Practical Proposals to Improve the Situation
In practical terms our platform includes the following policies that need to be implemented immediately:
- 1) Substantially increase the budget share of the municipality to be directed to East Jerusalem. Palestinian residents comprise almost 40% of the city’s population, yet the investment of public budget in East Jerusalem barely rises above a 10% threshold. An increase in investment can help to close the huge infrastructural gap (both physical and social) that has been deliberately widened since 1967 as part of the policy of making life unbearable for Palestinians in Jerusalem;
- 2) Recognize the legitimacy of the Palestinian presence in the city. Completely and unequivocally stop the policies and practices aiming at expelling Palestinians from Jerusalem, either by revoking their residency status, denying permits for urban development and destroying the structures built despite the refuse of permits, artificially inflating Arnona debts, and so on and so forth;
- 3) Stop the harassment and persecution of all Palestinian leadership in the city — political, religious and community leadership. Jerusalemite Palestinians have the right to organize themselves, to represent their own people and to work towards improving their livelihood. It is not up to Israel, its security forces or its municipal administration to decide who speaks on behalf of Palestinian Jerusalemites;
- 4) Completely cease the policy of seizing houses in East Jerusalem neighborhoods and establishing new settlements there. Such settlement efforts are aimed at radically transforming the Palestinian character of the neighborhoods and making it impossible to reach any diplomatic solution on the division of the city according to the Clinton parameters.

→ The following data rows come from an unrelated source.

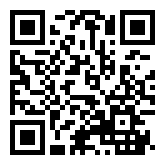 https://www.fou.net/post/67920.html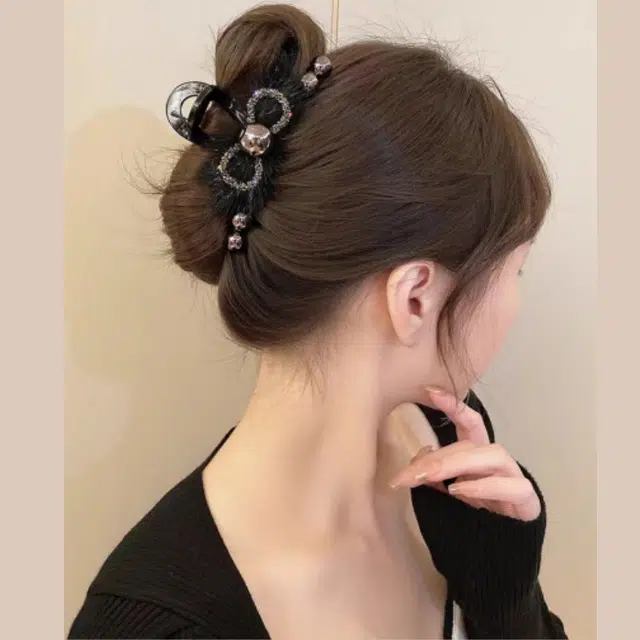 ZWU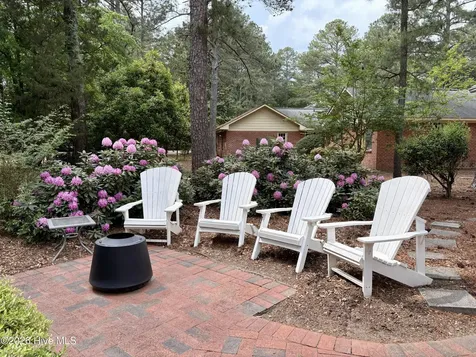 375 Saint Andrews Drive Pinehurst NC 28374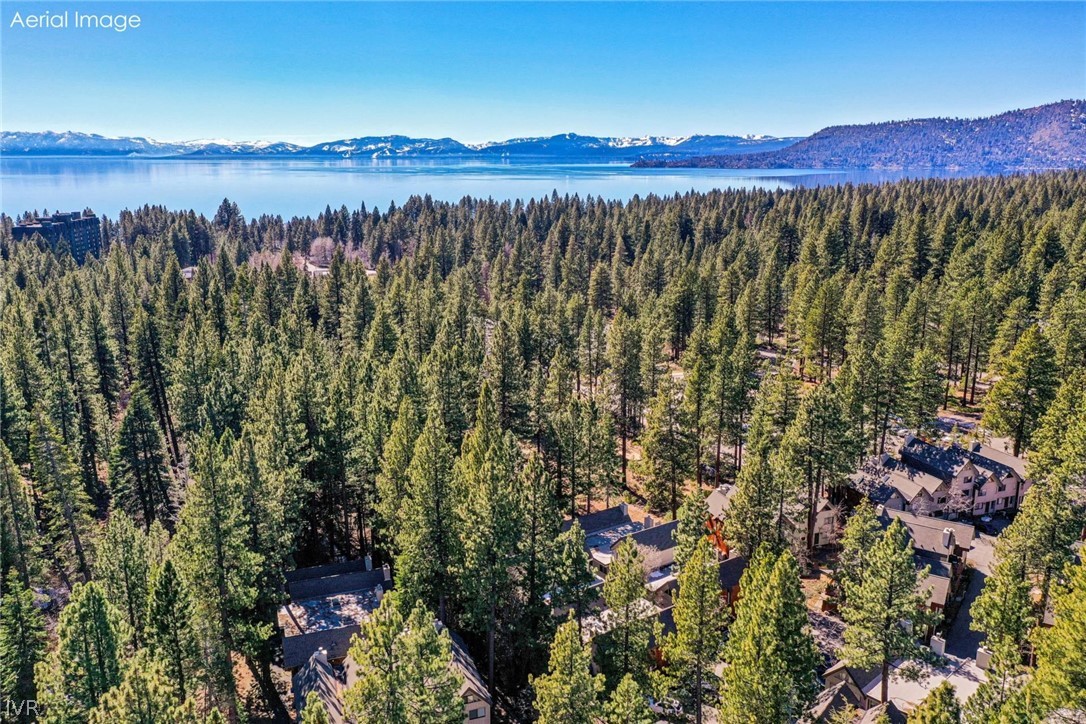 989 Tahoe Boulevard 91
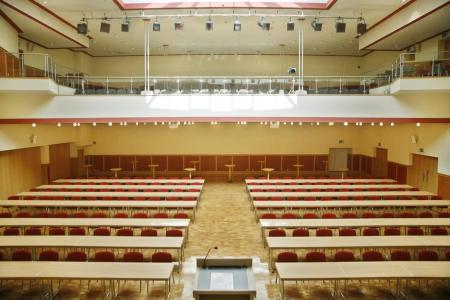 Hotelpark Stadtbrauerei Arnstadt - 16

- 5) Fully respect the Holy Places for all religions in the city, especially the Temple Mount/Haram al-Sharif. Return to the status quo in which had existed until the year 2000 and the roles of the Waqf, the Hashemite Kingdom of Jordan and all other partners in maintaining the balance in such a sensitive place.
- 6) Oppose all and any unilateral initiatives to create facts on the ground that will negatively affect the future of Jerusalem and all its residents. Such initiatives — be they construction plans or transport infrastructures — are clear examples of institutional violence that creates in turn violent reactions that are used then as excuses for increasing the repression against the population.
We are committed to achieving these goals and we are aware that doing so will require both sides to deal with painful and complex issues. We have already begun a mutually challenging deliberation process between us and some of the Jerusalemite Palestinian leaders. But real transformation will not be realized without radically changing the power relations, and especially the current abuse of power; otherwise, Jerusalem will continue to be a failed city instead of the vibrant, multicultural and multifaceted urban metropolis it should be.
The Choice before Us
Although, as mentioned, there are three distinctive political paths towards the future of the city, the fundamental choice before us is clear. We either continue with the various attempts to unilaterally impose one-sided, Israeli interests as both the right-wing and the center propose despite the apparent contradiction in their programs, or, we build a city in which all citizens live in equality, in welfare, in freedom and in security — not just a fake “coexistence” but a real joint existence of two peoples that love the city and are not going anywhere else.